It’s no longer news per se that the Trump Organization is profiteering from the presidency. Since Donald Trump refused to divest from his business at the start of his term, that’s been inevitable. There’s the massive emoluments scandal of the Trump International Hotel in D.C. There are Trump’s Irish properties, at which he “invited” the vice president to stay, then charged taxpayers tens of thousands of dollars. There was his shameless choice to hold the G7 summit at Trump Doral—a decision so universally reviled that the White House quickly reversed it. One of the arguments the administration offered for picking Doral was that it would allow savings on security. “He’s not making any money off of this, just like he’s not making any money from working here,” insisted Acting White House Chief of Staff Mick Mulvaney. The new Post story shows that was almost certainly false.
New or not, the question remains: Why does a billionaire charge the Secret Service $650 to stay at his property?
The issue is not whether taxpayers should pay for presidential protection. They should, unequivocally. The question is about the cost. As the Post notes, other presidents who allowed the Secret Service to use their properties, including both George Bushes and Bill Clinton, didn’t charge them. None of those presidents owned a for-profit business while serving as president either.
Perhaps only Trump knows the answer to why he’s charging so much. But here are a few theories as to why so rich a man would gouge his bodyguards and constituents.
The president is simply a penny-pinching cheapo. In 1990, Spy started mailing progressively more minuscule checks to rich people to see who would go through the trouble of cashing them. Only two people cashed the smallest checks, for 13 cents: an arms dealer, and Donald Trump. Trump is the kind of guy who, while running a huge real-estate business, routinely stiffed contractors out of four-figure checks. Why wouldn’t he squeeze every cent out of this too?

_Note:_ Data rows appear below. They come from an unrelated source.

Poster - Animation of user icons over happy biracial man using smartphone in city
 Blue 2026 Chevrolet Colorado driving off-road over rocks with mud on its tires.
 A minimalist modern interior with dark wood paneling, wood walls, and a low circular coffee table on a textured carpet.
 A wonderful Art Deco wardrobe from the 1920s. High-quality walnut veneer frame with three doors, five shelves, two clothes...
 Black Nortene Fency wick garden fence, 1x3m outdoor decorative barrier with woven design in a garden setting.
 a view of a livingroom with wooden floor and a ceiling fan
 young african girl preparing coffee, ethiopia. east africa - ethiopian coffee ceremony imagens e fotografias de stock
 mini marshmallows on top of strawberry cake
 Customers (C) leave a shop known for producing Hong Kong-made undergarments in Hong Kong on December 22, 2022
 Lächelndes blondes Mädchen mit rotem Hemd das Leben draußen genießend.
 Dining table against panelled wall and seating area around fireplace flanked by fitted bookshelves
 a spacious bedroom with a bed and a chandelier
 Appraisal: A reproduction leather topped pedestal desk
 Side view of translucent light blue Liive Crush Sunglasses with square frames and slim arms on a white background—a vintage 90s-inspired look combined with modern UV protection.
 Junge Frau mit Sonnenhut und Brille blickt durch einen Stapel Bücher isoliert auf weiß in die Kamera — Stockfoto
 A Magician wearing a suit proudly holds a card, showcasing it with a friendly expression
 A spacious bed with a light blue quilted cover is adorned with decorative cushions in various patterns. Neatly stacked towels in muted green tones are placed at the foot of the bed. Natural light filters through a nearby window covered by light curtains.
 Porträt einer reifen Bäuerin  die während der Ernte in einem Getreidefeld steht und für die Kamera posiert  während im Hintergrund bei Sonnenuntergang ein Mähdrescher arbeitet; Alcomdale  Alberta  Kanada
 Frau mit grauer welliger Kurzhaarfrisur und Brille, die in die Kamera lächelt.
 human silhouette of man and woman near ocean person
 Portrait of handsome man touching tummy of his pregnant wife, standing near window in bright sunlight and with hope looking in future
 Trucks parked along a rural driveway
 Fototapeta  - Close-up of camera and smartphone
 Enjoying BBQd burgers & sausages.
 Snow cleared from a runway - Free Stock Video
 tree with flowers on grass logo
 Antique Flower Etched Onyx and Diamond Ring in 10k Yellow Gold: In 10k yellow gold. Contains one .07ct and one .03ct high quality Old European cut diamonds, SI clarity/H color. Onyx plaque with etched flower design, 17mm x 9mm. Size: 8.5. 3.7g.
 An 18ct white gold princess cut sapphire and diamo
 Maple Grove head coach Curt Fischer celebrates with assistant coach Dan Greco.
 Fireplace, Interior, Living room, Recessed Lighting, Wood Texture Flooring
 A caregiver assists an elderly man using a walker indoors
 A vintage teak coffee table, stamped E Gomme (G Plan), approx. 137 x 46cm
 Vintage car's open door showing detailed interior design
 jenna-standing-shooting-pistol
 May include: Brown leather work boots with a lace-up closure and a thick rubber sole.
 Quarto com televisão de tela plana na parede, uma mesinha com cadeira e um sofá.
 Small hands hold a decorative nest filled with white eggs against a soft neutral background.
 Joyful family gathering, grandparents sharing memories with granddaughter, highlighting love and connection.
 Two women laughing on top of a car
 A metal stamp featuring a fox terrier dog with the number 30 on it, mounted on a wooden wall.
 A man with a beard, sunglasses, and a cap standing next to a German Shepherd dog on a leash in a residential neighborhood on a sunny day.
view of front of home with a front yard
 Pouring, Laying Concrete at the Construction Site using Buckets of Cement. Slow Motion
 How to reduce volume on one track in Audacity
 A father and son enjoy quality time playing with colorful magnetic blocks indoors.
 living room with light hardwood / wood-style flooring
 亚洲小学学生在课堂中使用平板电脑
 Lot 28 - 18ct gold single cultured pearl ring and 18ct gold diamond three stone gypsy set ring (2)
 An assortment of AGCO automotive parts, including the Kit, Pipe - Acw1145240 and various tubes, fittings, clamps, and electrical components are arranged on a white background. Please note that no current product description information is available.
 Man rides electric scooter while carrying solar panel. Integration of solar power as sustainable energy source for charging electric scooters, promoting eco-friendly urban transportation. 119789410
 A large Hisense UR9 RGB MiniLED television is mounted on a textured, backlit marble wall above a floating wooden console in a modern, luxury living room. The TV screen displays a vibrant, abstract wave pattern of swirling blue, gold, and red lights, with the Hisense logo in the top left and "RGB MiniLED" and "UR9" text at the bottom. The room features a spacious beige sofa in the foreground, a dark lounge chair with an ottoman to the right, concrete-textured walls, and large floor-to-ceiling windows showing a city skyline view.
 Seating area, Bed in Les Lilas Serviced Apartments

David A. Graham: Trump’s most shameless act of profiteering
The profiteering is the point (with apologies to my colleague Adam Serwer). Trump’s presidential run was conceived of more as a publicity stunt than a serious policy initiative. He set out to make money, and if winning the election wasn’t really part of the plan, that didn’t mean it didn’t contribute to the ultimate goal.
It’s about defiance. So many of Trump’s actions can easily be explained as trolling, or at least as a kiss-off. If you tell him he can’t do something, he’ll do it. What other explanation is there for announcing, in the midst of an impeachment investigation over abuse of power, that you’ll direct a major international summit to your own resort? Some people will be appalled by the charges, but there’s nothing they can do. When you’re a president, they let you do it. You can do anything.